Joint Finances and Goal Planning
Determine your joint financial goals and create a combined financial plan. It is important to periodically complete an overall consolidated investment review to make sure your investment allocation aligns with your short-term and long-term goals. If you have upcoming large purchases such as a home or need to pay off debt, make sure you are both aligned on the budget and cash flow plan to achieve this. If children are in your future, make sure you consider the implications of increased expenses for childcare versus a reduction of income for one person to become the primary caregiver.

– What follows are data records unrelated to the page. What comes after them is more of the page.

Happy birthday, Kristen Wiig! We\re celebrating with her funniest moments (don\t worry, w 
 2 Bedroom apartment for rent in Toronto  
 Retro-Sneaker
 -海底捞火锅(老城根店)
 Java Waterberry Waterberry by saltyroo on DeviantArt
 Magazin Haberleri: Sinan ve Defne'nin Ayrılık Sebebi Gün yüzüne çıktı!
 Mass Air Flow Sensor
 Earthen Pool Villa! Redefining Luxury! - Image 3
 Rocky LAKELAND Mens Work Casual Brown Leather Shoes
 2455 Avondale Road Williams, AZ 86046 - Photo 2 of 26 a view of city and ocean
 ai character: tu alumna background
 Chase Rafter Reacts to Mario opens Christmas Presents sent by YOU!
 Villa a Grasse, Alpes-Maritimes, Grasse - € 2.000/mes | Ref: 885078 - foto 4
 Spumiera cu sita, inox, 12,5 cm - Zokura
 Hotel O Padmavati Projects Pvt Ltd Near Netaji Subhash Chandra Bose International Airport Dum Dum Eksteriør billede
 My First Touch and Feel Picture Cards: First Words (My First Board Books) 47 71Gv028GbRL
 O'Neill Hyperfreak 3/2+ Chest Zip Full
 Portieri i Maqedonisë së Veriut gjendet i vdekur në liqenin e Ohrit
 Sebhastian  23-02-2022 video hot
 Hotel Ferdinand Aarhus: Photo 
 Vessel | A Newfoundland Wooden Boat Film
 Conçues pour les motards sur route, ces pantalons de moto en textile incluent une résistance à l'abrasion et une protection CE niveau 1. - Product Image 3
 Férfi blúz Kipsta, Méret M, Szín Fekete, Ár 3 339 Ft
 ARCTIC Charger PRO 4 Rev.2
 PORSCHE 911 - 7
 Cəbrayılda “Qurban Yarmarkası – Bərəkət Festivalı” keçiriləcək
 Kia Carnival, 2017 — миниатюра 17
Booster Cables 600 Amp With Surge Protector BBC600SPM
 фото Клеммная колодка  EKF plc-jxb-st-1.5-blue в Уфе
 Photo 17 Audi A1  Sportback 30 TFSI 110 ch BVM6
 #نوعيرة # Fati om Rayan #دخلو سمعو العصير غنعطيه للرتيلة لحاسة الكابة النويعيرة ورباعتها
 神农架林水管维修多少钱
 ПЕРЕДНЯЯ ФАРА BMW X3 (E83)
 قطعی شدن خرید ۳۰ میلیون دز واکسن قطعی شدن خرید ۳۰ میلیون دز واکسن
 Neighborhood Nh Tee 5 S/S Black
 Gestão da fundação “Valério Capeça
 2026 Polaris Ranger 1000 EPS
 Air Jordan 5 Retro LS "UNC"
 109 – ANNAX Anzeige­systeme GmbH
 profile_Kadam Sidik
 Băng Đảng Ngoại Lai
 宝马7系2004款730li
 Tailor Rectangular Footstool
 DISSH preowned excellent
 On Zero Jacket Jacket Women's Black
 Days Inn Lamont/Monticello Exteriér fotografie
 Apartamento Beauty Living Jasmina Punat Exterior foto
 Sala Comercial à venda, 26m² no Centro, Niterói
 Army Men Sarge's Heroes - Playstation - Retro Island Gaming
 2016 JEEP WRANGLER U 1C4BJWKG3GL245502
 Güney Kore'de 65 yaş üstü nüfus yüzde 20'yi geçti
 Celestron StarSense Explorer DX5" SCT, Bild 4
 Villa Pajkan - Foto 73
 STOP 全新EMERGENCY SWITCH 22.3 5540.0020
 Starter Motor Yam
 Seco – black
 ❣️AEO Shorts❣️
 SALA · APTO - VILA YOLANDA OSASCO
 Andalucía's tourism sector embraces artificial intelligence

Discuss the best way to set up your bank accounts. Some couples maintain separate accounts, some combine everything, and others have a mixture of the two. There is no one-size-fits-all approach, but having an open discussion about it can prevent unwanted surprises such as missed auto-draft payments.
Also, determine whether it’s better to add your spouse to your credit card accounts or keep separate cards. If you have a much higher credit score than your spouse, having combined credit accounts can drag down your score.
Getting married is a joyful occasion, and while tackling the above topics may seem onerous, it is important to methodically work through the list. Engaging a financial advisor can help you prioritize the to-dos and prevent mistakes that may cost you in the long run.
This communication is for informational purposes only and should not be used for any other purpose, as it does not constitute a recommendation or solicitation of the purchase or sale of any security or of any investment services. Some information referenced in this memo is generated by independent, third parties that are believed but not guaranteed to be reliable. Opinions expressed herein are subject to change without notice. These materials are not intended to be tax or legal advice, and readers are encouraged to consult with their own legal, tax, and investment advisors before implementing any financial strategy.